Cranbourne East was among the top three areas in Australia to experience the largest growth in 2020/21, the latest ABS population release in March revealed. Yet residents of this rapidly growing suburb, located in the City of Casey in Melbourne’s south east, are still unable to catch a metro train home.
Neighbours in Clyde and Clyde North, which is set to be home to more than 157,000 residents by 2041 (rivalling regional centre Bendigo in just two suburbs), are also without access to a rail line and nearby train station.
In addition, the mobile network is so unreliable in these developing suburbs that residents are concerned about being unable to reach emergency services or loved ones in times of need.
City of Casey Chair of Administrators Noelene Duff PSM said rapid population growth and record levels of car ownership were putting increased pressure on roads and creating even greater demand for public transport options in the City of Casey.
“Located in the Greater South East Melbourne region, the City of Casey is home to more than 380,000 residents and is one of the fastest growing municipalities in the country with its population projected to reach more than 550,000 people by 2041 – equivalent to that of Canberra,” Ms Duff said.
“Residents who were enticed to move to growth suburbs like Cranbourne East, Clyde and Clyde North due to the appeal of somewhat affordable land options are now at their wits end, battling traffic congestion just to head down the road to school or the local shops.”
Ms Duff said investment in critical rail and road infrastructure was needed to support the city’s growing community now and into the future.
“Our city's big population needs big investment,” Ms Duff said.
“As one of Australia's fastest growing regions, Council is calling for transformational transport infrastructure in the lead up to the Federal Election to mitigate growing traffic congestion and safety concerns, improve access to jobs, education and services and stimulate economic recovery for our businesses.”
Ms Duff said that as a member of the Greater South East Melbourne (GSEM) group of councils and the National Growth Areas Alliance (NGAA), the City of Casey was committed to working with other levels of government to respond to the challenges faced by residents and deliver key infrastructure projects that the community needs for security, prosperity and continued growth.

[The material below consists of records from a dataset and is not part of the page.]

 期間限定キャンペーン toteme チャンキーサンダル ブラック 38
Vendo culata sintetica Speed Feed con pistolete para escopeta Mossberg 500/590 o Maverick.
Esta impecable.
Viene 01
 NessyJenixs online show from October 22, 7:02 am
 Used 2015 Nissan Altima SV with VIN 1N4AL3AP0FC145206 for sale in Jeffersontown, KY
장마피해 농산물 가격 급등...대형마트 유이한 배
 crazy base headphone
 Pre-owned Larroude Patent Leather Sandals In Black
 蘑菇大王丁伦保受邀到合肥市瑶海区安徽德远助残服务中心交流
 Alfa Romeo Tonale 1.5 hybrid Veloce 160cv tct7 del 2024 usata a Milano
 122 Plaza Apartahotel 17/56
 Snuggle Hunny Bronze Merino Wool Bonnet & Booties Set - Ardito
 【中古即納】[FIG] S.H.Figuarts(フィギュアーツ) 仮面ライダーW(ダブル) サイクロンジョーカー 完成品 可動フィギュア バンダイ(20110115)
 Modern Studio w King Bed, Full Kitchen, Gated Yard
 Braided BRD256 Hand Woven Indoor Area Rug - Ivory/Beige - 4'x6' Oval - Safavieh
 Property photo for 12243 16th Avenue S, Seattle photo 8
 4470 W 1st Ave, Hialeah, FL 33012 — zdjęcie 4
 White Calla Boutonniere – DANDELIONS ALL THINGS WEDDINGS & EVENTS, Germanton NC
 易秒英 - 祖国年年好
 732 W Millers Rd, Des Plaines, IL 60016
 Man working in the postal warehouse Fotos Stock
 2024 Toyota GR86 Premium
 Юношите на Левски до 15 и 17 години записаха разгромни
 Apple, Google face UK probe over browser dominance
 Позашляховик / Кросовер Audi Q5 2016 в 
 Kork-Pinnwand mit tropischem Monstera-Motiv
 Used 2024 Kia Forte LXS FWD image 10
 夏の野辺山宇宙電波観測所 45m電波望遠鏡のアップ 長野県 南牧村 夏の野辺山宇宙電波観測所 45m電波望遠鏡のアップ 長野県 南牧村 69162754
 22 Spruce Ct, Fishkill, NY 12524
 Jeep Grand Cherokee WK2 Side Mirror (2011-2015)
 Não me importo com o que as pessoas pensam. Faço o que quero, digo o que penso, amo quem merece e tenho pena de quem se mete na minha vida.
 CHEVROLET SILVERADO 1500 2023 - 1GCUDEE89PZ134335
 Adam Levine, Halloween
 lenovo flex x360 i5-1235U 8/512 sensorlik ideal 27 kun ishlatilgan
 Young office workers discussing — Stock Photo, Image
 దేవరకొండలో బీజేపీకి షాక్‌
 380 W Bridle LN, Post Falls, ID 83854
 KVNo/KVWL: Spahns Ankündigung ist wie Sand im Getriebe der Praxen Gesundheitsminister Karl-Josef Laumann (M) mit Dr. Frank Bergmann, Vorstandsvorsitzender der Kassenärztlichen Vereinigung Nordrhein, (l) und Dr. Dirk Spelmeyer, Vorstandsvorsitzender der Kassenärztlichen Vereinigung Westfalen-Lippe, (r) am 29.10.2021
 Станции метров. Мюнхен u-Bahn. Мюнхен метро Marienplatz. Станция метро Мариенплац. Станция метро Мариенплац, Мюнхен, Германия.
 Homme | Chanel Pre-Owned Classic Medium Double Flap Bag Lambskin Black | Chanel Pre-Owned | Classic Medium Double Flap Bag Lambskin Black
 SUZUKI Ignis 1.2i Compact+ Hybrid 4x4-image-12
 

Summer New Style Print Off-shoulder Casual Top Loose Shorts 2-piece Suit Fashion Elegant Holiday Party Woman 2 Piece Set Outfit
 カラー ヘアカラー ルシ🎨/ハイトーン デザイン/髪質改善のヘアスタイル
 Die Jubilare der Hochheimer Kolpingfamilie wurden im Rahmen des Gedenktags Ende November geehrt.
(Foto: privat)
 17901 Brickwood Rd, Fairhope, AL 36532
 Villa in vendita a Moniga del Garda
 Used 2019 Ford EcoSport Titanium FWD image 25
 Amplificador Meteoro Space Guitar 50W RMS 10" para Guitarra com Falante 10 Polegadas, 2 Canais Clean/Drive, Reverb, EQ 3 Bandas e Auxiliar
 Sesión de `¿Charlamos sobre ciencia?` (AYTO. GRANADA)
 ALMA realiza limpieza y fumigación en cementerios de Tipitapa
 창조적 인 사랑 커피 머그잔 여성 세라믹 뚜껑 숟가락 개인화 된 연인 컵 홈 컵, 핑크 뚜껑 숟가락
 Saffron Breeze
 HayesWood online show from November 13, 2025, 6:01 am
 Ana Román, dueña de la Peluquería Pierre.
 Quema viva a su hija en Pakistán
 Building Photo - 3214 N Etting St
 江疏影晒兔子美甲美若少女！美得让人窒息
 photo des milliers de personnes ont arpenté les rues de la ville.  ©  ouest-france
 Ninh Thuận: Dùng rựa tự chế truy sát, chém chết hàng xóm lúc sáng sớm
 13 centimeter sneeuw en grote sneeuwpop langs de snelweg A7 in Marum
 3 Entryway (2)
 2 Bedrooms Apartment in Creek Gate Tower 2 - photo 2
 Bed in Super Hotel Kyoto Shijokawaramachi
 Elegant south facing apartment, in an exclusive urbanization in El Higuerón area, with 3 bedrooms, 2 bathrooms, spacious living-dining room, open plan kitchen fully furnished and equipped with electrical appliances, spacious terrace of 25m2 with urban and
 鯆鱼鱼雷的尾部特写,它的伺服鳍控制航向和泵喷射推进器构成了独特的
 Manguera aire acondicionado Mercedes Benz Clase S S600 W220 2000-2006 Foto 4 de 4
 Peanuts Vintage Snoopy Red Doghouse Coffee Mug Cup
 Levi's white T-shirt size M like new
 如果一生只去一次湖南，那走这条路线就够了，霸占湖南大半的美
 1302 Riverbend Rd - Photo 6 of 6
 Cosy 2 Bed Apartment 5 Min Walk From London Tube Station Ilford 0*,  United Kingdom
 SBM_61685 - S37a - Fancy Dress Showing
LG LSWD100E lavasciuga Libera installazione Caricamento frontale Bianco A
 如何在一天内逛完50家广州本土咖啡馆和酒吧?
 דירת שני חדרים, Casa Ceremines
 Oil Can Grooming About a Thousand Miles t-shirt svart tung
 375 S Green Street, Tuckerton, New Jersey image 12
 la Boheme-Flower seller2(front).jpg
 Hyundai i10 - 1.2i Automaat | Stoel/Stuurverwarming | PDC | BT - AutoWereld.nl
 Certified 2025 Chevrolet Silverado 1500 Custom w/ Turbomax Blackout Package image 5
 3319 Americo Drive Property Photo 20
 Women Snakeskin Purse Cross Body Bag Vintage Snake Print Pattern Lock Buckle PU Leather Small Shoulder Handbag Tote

“We are hoping to see a big commitment towards critical infrastructure projects in the region as part of the Federal election and the next budget,” she said.
“Given the region’s population and rapid growth, we would like to see the Federal Government revisit the South East Melbourne City Deal and invest in key infrastructure projects.
“Council remains committed to our advocacy work in this space, and we will continue to seek funding for priority road and rail infrastructure projects that will ease congestion, boost jobs and connect our community to employment and services.
“Investing in infrastructure that will ensure a more efficient way to get around our city will create opportunities to attract investment and better enable residents to access new employment, education and recreation opportunities closer to home.”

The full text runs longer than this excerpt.